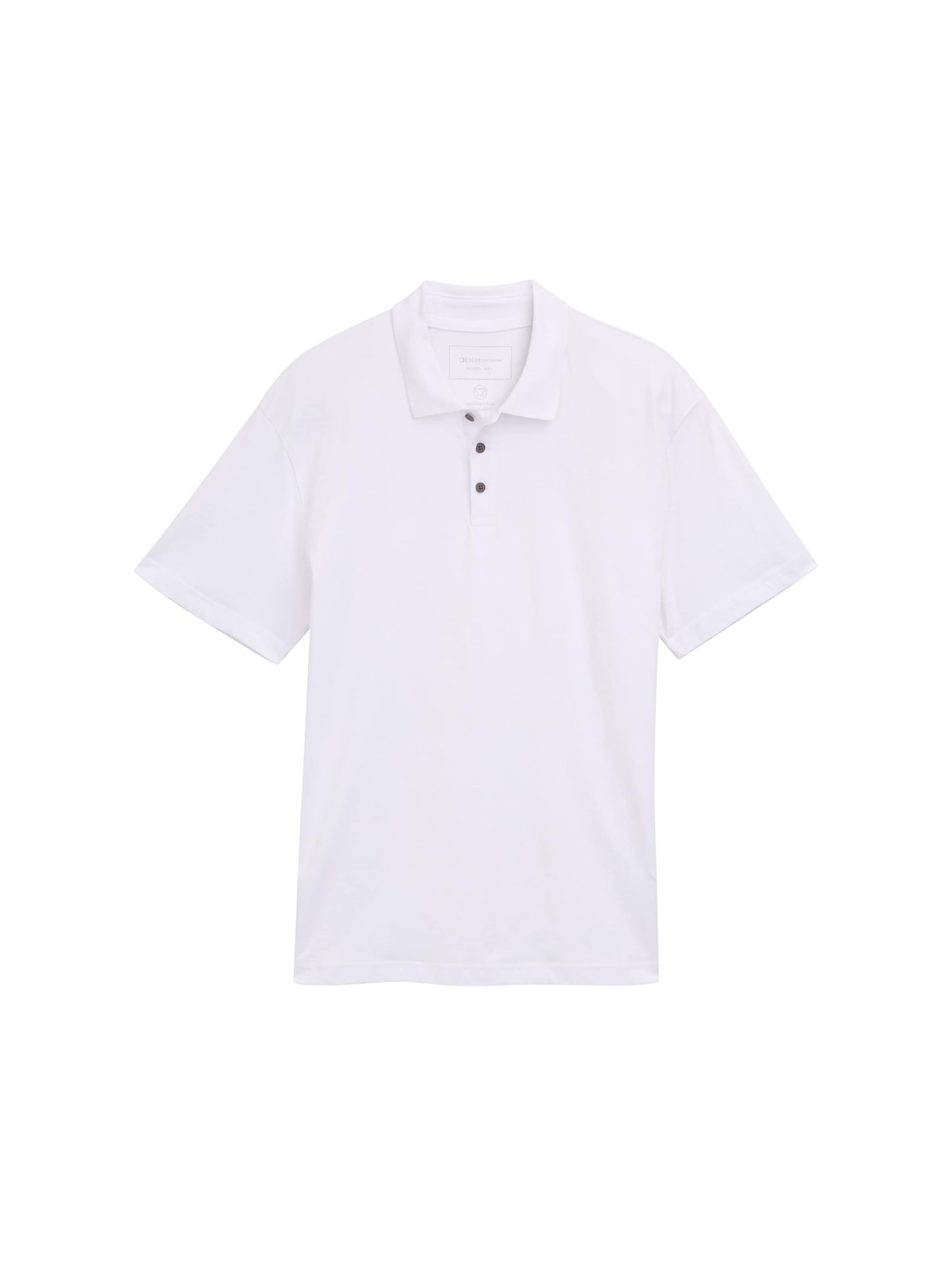 Relaxed Fit Jersey Poloshirt aus Baumwolle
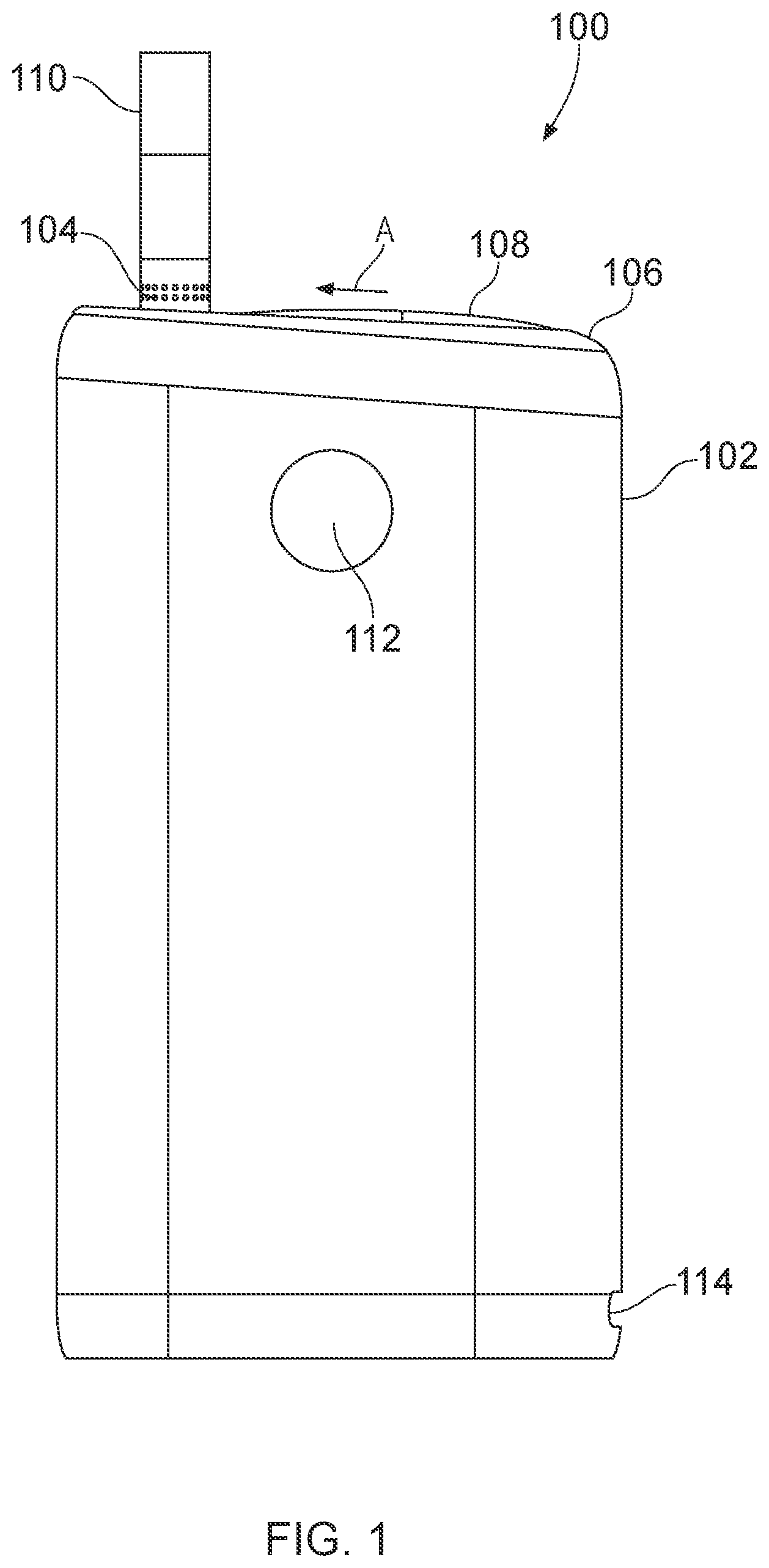 Patent US12599180 — Low-power-consumption aerosol provision device with visual indicator — Figure 1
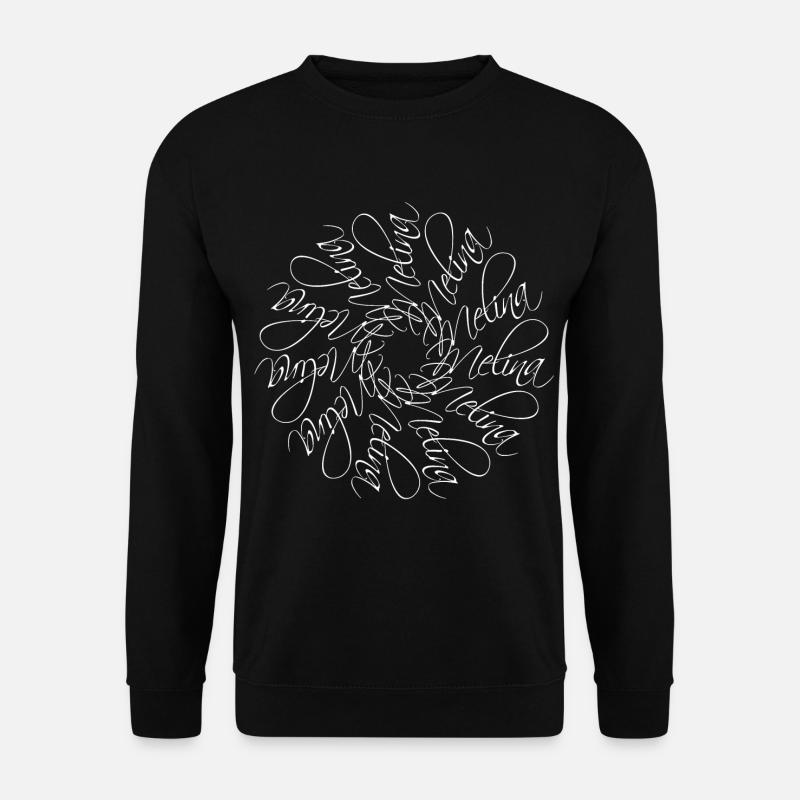 Melina Name Mandala - Unisex Sweatshirt - black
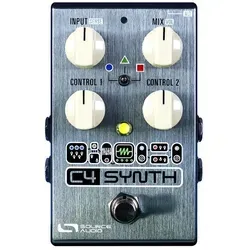 Source Audio One Series C4 Synth - Effektgerät für Gitarre & Bass – Hochentwickeltes Synth-Pedal mit 4 Stimmen und über 128 Presets für unendliche Klangmöglichkeiten und kreative Soundgestaltung.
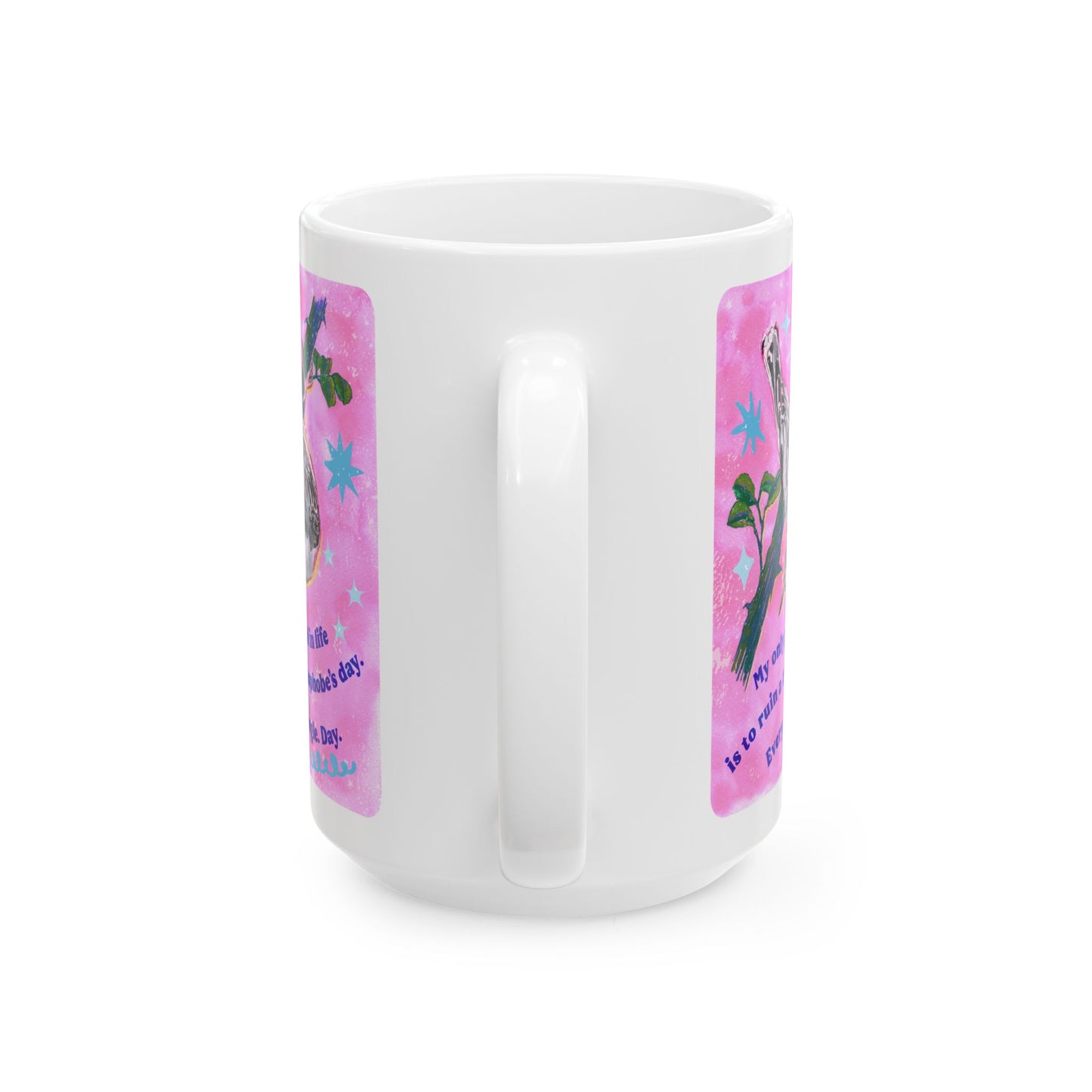 My only goal in life is to ruin a transphobe's day. Every. Single. Day: Feminist Mug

□ □ □ □ □ □ □

WHAT THIS TASK INVOLVES —
Restate the data word for word, minus any images.

ANSWER SPACE —
 Relaxed Fit Jersey Poloshirt aus Baumwolle
 Patent US12599180 — Low-power-consumption aerosol provision device with visual indicator — Figure 1
 Melina Name Mandala - Unisex Sweatshirt - black
 Source Audio One Series C4 Synth - Effektgerät für Gitarre & Bass – Hochentwickeltes Synth-Pedal mit 4 Stimmen und über 128 Presets für unendliche Klangmöglichkeiten und kreative Soundgestaltung.
 My only goal in life is to ruin a transphobe's day. Every. Single. Day: Feminist Mug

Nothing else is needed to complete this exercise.